[[ Data extract open ]]

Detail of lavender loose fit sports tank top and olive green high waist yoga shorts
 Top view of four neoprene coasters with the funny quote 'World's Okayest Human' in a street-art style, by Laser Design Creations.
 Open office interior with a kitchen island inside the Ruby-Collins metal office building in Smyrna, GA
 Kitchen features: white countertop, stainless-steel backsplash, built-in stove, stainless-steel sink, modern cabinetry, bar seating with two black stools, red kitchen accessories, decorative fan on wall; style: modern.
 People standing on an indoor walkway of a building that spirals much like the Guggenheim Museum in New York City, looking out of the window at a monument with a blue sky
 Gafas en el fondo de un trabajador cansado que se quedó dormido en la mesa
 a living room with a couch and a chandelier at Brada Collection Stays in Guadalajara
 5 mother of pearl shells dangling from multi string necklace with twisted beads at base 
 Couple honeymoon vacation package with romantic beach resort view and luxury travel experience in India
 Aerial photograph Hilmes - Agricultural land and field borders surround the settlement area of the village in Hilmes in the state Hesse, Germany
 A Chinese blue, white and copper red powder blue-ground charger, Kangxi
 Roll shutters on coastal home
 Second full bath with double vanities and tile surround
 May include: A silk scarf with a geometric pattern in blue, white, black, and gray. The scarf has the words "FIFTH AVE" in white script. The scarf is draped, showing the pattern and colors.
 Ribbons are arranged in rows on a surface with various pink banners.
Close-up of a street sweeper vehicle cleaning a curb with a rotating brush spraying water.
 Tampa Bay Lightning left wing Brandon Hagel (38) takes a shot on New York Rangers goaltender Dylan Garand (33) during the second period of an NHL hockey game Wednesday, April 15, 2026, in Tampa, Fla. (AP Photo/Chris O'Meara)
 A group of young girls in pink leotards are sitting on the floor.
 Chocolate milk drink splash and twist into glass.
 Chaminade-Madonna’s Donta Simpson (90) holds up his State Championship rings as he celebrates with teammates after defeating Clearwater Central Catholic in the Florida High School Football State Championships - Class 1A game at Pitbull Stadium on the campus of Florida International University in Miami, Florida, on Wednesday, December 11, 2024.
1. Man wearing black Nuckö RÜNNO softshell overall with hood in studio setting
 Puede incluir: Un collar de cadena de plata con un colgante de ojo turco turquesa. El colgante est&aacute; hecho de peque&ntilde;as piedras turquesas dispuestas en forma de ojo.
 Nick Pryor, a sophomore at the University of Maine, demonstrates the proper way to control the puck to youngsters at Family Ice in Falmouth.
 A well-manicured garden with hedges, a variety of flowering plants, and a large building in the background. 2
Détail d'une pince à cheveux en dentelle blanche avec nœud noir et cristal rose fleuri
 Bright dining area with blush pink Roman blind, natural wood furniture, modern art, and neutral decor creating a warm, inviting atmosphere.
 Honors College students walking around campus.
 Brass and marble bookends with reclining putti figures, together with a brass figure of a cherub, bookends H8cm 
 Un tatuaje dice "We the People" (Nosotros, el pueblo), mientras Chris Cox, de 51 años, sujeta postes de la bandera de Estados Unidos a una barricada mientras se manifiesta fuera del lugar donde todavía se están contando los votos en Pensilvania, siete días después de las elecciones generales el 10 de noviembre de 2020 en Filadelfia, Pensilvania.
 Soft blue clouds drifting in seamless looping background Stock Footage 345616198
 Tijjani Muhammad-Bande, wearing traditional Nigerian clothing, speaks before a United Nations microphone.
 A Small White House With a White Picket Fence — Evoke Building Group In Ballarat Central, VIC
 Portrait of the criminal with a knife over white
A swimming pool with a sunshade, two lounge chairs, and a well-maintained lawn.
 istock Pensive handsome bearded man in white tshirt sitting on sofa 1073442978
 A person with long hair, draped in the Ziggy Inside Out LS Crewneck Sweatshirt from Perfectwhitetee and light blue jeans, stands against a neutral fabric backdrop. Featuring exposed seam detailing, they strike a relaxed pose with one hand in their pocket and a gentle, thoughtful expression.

[[ Data extract closed ]]

Extract, please, the lines from the start of the entries above through the one with "Close-up of a", both included, reproducing each exactly and adding nothing.

• **Solution to this exercise**:
Detail of lavender loose fit sports tank top and olive green high waist yoga shorts
 Top view of four neoprene coasters with the funny quote 'World's Okayest Human' in a street-art style, by Laser Design Creations.
 Open office interior with a kitchen island inside the Ruby-Collins metal office building in Smyrna, GA
 Kitchen features: white countertop, stainless-steel backsplash, built-in stove, stainless-steel sink, modern cabinetry, bar seating with two black stools, red kitchen accessories, decorative fan on wall; style: modern.
 People standing on an indoor walkway of a building that spirals much like the Guggenheim Museum in New York City, looking out of the window at a monument with a blue sky
 Gafas en el fondo de un trabajador cansado que se quedó dormido en la mesa
 a living room with a couch and a chandelier at Brada Collection Stays in Guadalajara
 5 mother of pearl shells dangling from multi string necklace with twisted beads at base 
 Couple honeymoon vacation package with romantic beach resort view and luxury travel experience in India
 Aerial photograph Hilmes - Agricultural land and field borders surround the settlement area of the village in Hilmes in the state Hesse, Germany
 A Chinese blue, white and copper red powder blue-ground charger, Kangxi
 Roll shutters on coastal home
 Second full bath with double vanities and tile surround
 May include: A silk scarf with a geometric pattern in blue, white, black, and gray. The scarf has the words "FIFTH AVE" in white script. The scarf is draped, showing the pattern and colors.
 Ribbons are arranged in rows on a surface with various pink banners.
Close-up of a street sweeper vehicle cleaning a curb with a rotating brush spraying water.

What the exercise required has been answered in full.